**Assignment:**
Quote every line of the data below as it stands, omitting pictures.

**Data below:**

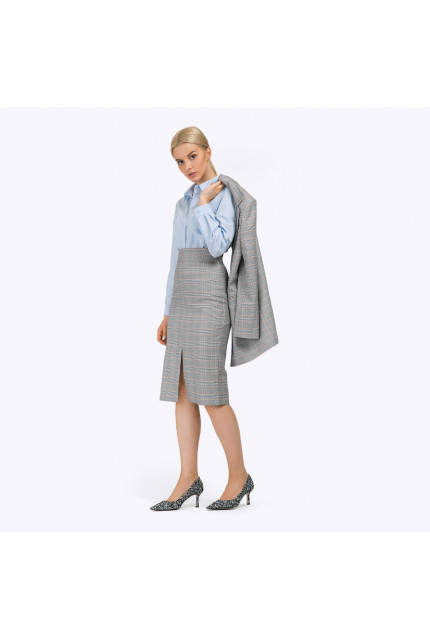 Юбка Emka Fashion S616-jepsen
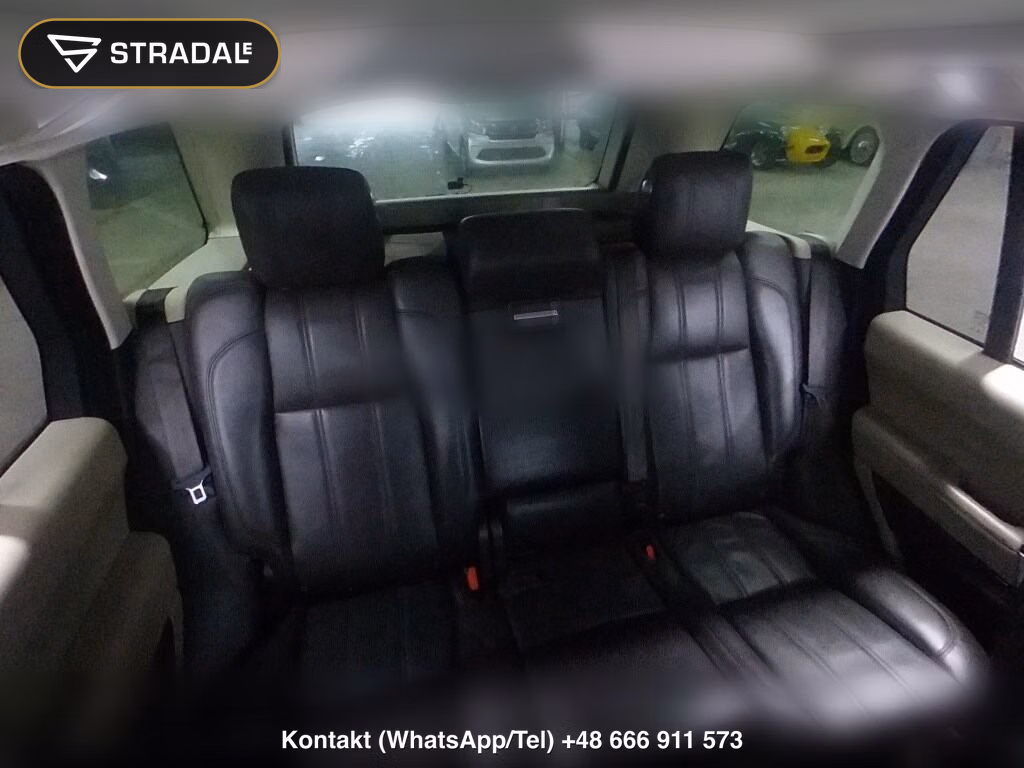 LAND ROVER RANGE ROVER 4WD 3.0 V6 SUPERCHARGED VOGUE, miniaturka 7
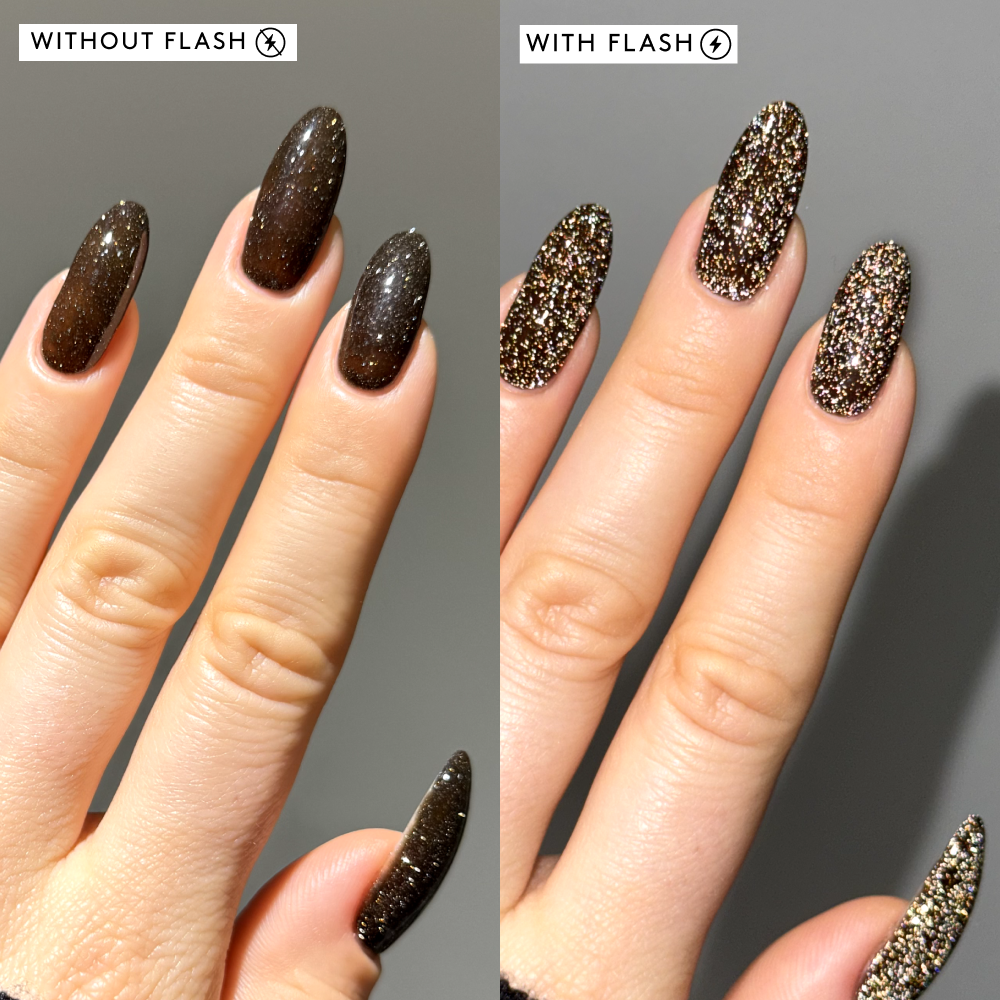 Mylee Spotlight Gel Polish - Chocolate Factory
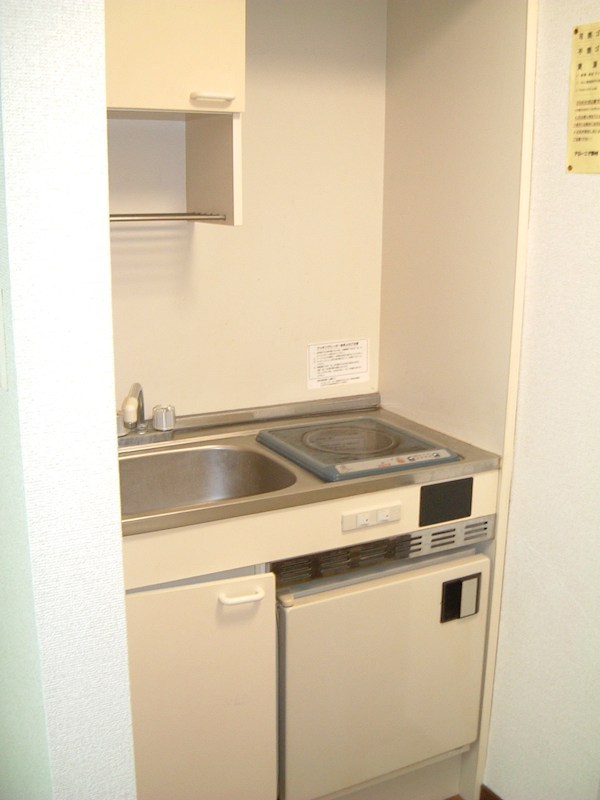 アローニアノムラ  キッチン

**Result of the task:**
 Юбка Emka Fashion S616-jepsen
 LAND ROVER RANGE ROVER 4WD 3.0 V6 SUPERCHARGED VOGUE, miniaturka 7
 Mylee Spotlight Gel Polish - Chocolate Factory
 アローニアノムラ  キッチン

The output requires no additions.